§ Problem requirements
Two lines mark the range in the entries below: the one holding "スキー場で立っている高校時代の松任谷由実さん" and the one holding "Apartment Centro Storico". Set down those two and all lines between them, exactly.

§ Working data
────────────────────────────────────────
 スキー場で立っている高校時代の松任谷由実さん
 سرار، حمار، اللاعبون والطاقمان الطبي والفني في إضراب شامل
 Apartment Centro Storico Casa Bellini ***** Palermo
────────────────────────────────────────
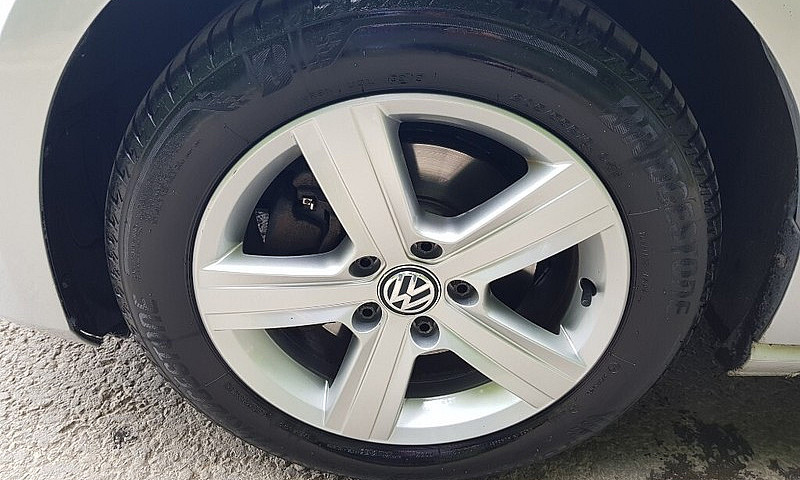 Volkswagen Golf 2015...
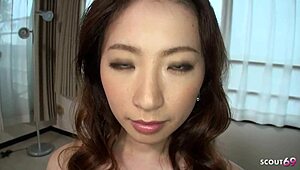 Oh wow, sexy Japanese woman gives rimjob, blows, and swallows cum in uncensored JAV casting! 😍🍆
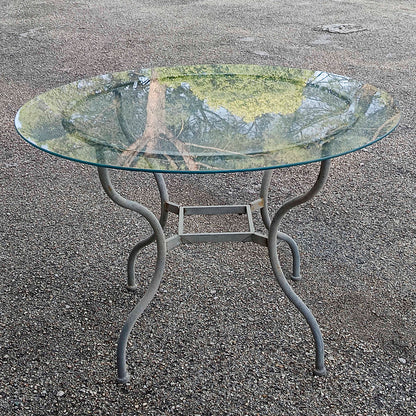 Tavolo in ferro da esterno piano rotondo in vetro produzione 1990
────────────────────────────────────────
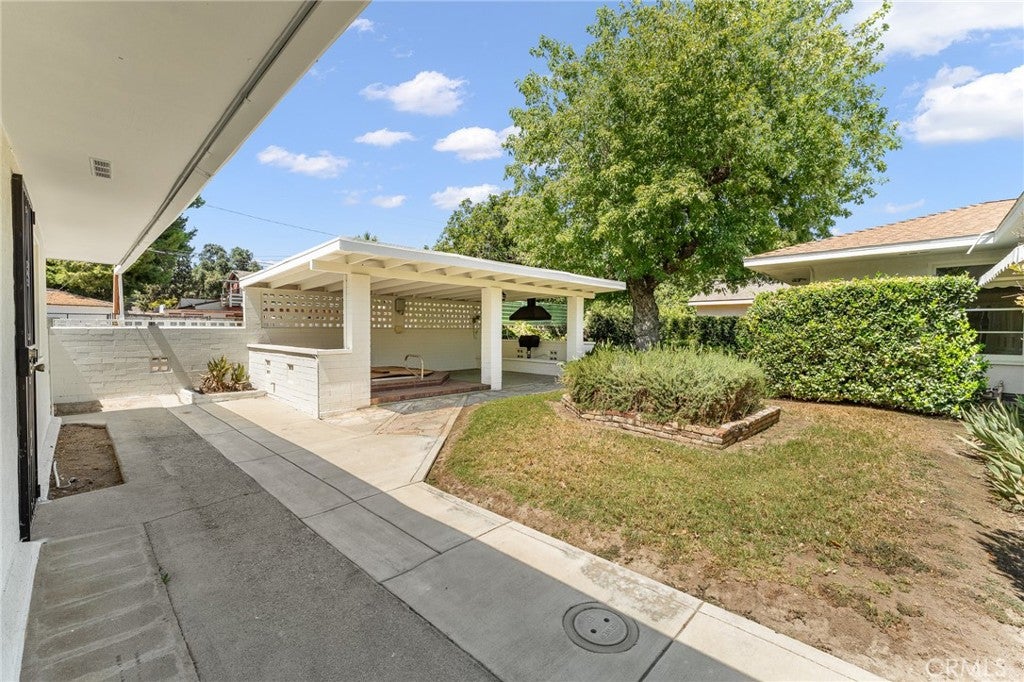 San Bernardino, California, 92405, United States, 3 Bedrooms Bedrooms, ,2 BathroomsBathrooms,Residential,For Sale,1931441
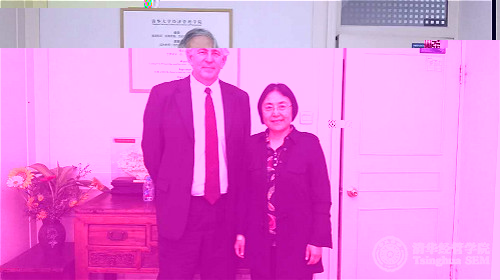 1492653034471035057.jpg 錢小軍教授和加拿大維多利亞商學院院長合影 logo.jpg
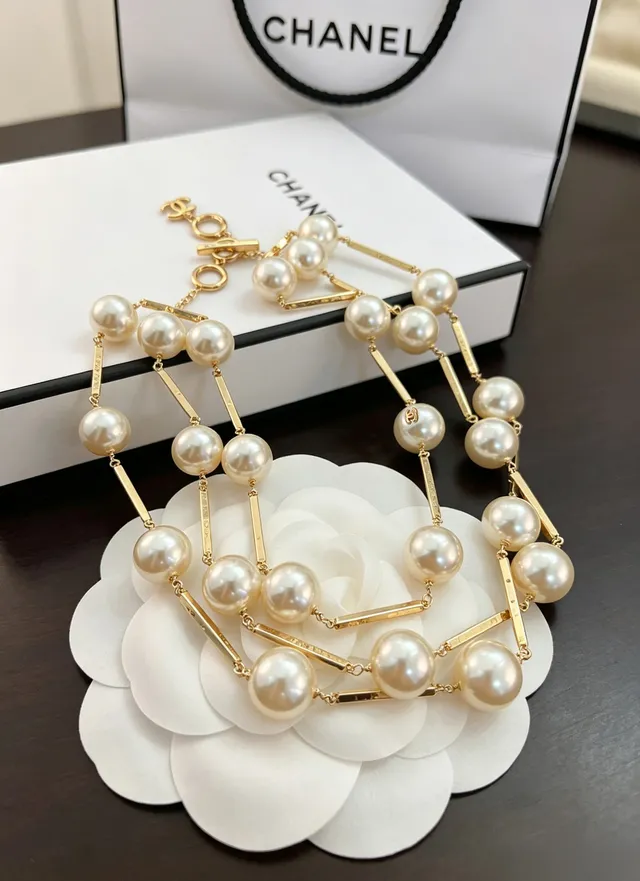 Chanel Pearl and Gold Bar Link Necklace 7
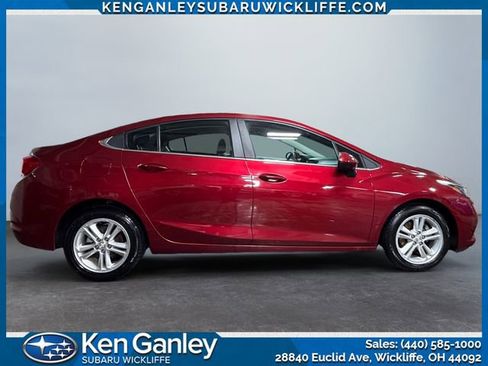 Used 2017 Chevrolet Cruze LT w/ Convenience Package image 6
────────────────────────────────────────
§ Response
 スキー場で立っている高校時代の松任谷由実さん
 سرار، حمار، اللاعبون والطاقمان الطبي والفني في إضراب شامل
 Apartment Centro Storico Casa Bellini ***** Palermo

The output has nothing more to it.